I grabbed a dozen pics of this picturesque creek during an intermission in a plein air workshop in Vermont. I didn’t have the chance to paint it during that trip, but it’s been on my list of places to get back to with paints in hand. In the meantime, it was fun to revisit and work the scene from my photos. This 11” x 14” oil is $490.
2/19: Lobster Shack
Nearly everything in Port Clyde, Maine, revolves around lobstering. The rest revolves around the Wyeths, who painted, summered and owned numerous properties in the region since 1920. Jamie still has a nearby island retreat, and Helga still summers in town. I did this painting from a photo I took on the way out of the harbor. On a Wyeth-themed tour on a converted lobster boat, of course. I primarily used a palette knife for this 6” x 8” oil, which is $120.
2/17: Ruth’s Bridge
Between the cyclists, strollers and dog walkers, the iconic bridge in the middle of Wyomissing Park likely sees more traffic these days than it did when it was built in 1910 by the nearby mill. This 6” x 8” oil was mostly palette knife with some brushwork for the fine points.

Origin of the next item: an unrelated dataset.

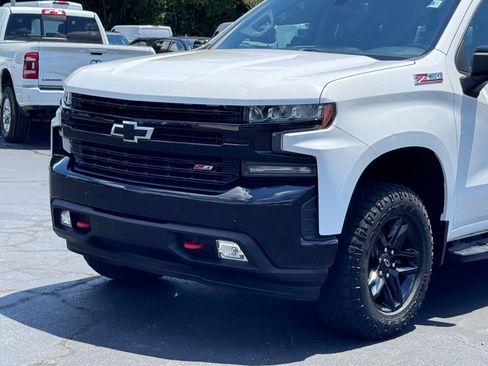 Used 2020 Chevrolet Silverado 1500 LT Trail Boss AWD/4WD image 30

2/15: Julia and Annabelle Rock Out
This was half done en plein air during our July 2020 vacation near Port Clyde, Maine. Spending a lot of time on the rocks between our rustic cottage and Atlantic I found it noteworthy (yet unsurprising) that our niece Julia would forego the comfort of a beach chair to hang a little closer to Annabelle, the family Golden Retriever. This dreary day here in PA was a good time to revisit the experience and finish this 11" x 14" oil.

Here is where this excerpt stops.